> _HOW TO COMPLETE THIS TASK_
Write out each record below exactly as it appears, with no pictures.
□ □ □ □ □
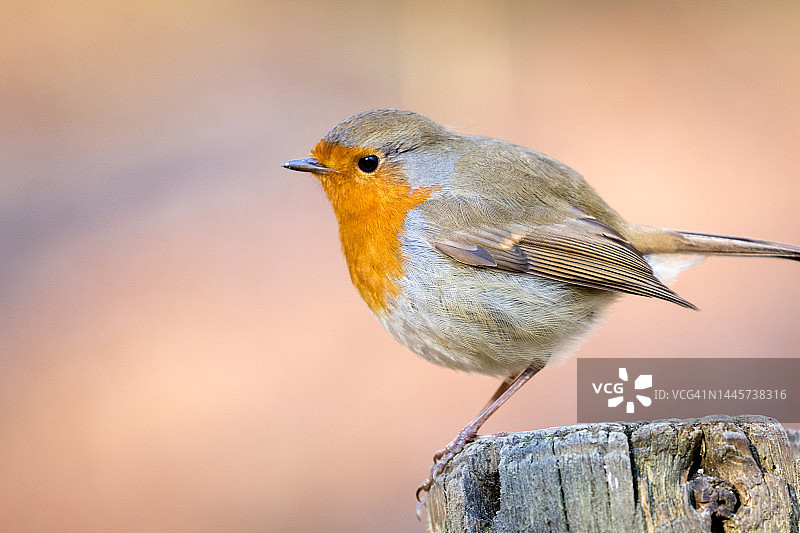 欧洲罗宾(红心rubecula)图片素材
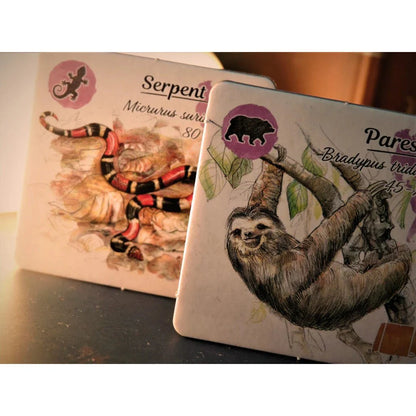 Sur les traces de Darwin_Jeu - de - société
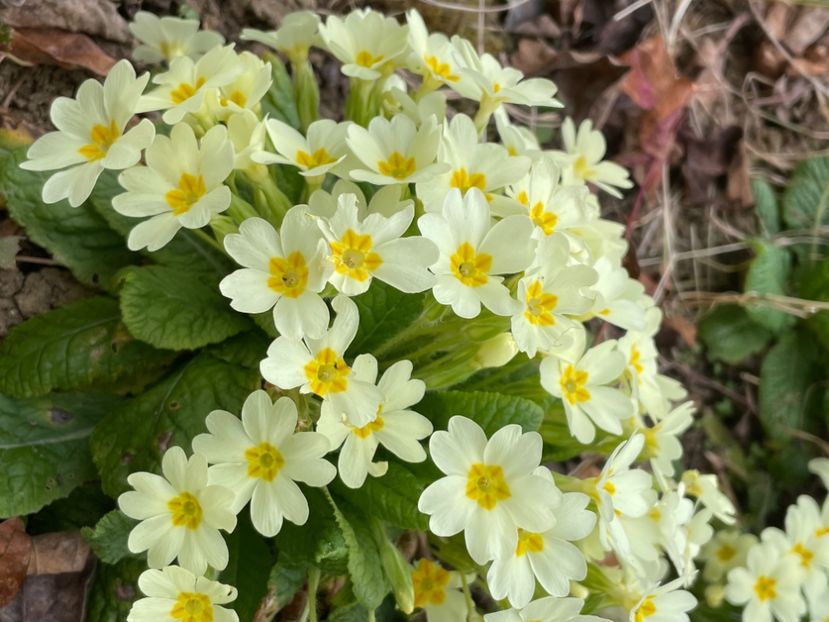 29E4229A-7BDA-4F98-AA1E-BE53B5956293 - FLORILE PRIMAVERII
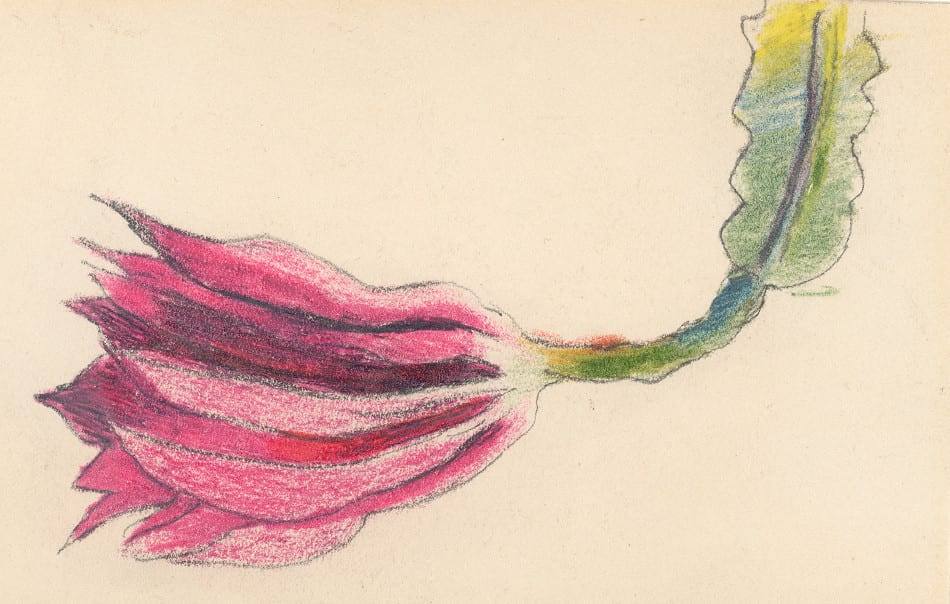 Joseph Stella, Cactus Flower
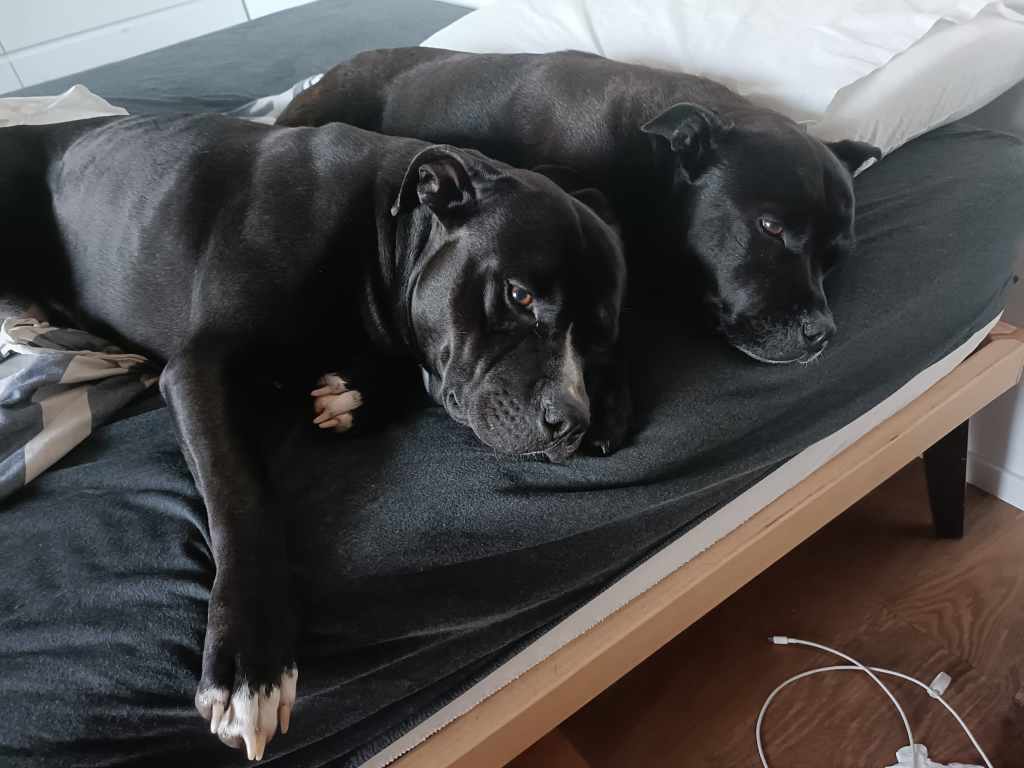 Cani maltrattati, condannato a quattro anni di reclusione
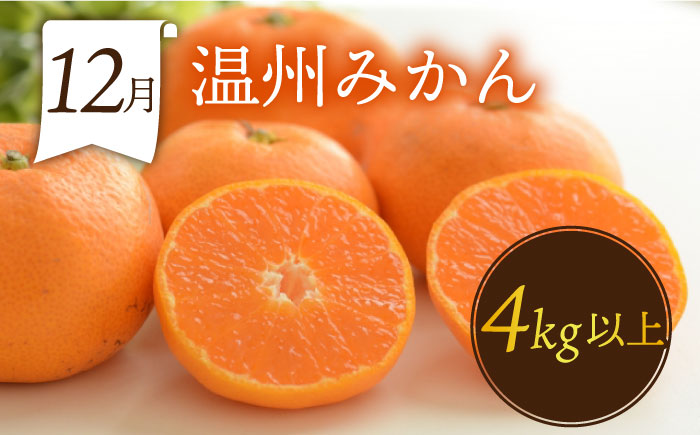 フルーツ定期便【6回定期便 偶数月コース】旬のフルーツをセット / ハウスびわ メロン ぶどう 巨峰 みかん など / 定期便 旬 フルーツ 果物 春フルーツ 夏フルーツ 秋フルーツ 冬フルーツ 果物定期便 フルーツ定期便 果物定期 フルーツ定期 人気 人気果物 人気フルーツ / 南島原市 / 贅沢宝庫 [SDZ022]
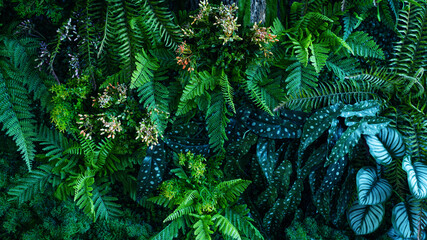 Wall Mural - Full Frame of Green Leaves Pattern Background, Nature Lush Foliage Leaf Texture, tropical leaf.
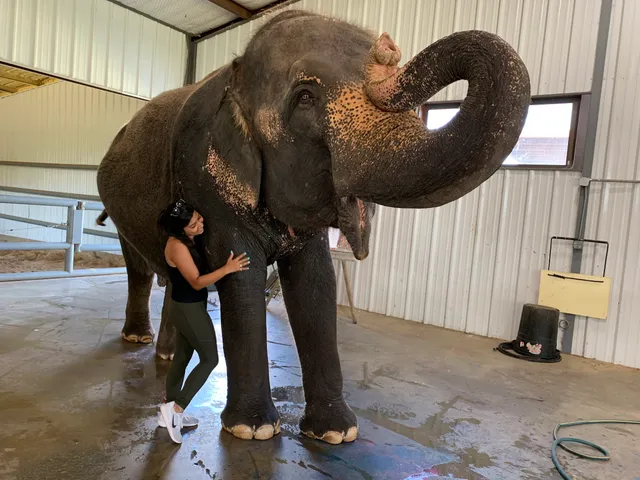 Endangered Ark Foundation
□ □ □ □ □
> _OUTPUT FOR THIS EXERCISE_
 欧洲罗宾(红心rubecula)图片素材
 Sur les traces de Darwin_Jeu - de - société
 29E4229A-7BDA-4F98-AA1E-BE53B5956293 - FLORILE PRIMAVERII
 Joseph Stella, Cactus Flower
 Cani maltrattati, condannato a quattro anni di reclusione
 フルーツ定期便【6回定期便 偶数月コース】旬のフルーツをセット / ハウスびわ メロン ぶどう 巨峰 みかん など / 定期便 旬 フルーツ 果物 春フルーツ 夏フルーツ 秋フルーツ 冬フルーツ 果物定期便 フルーツ定期便 果物定期 フルーツ定期 人気 人気果物 人気フルーツ / 南島原市 / 贅沢宝庫 [SDZ022]
 Wall Mural - Full Frame of Green Leaves Pattern Background, Nature Lush Foliage Leaf Texture, tropical leaf.
 Endangered Ark Foundation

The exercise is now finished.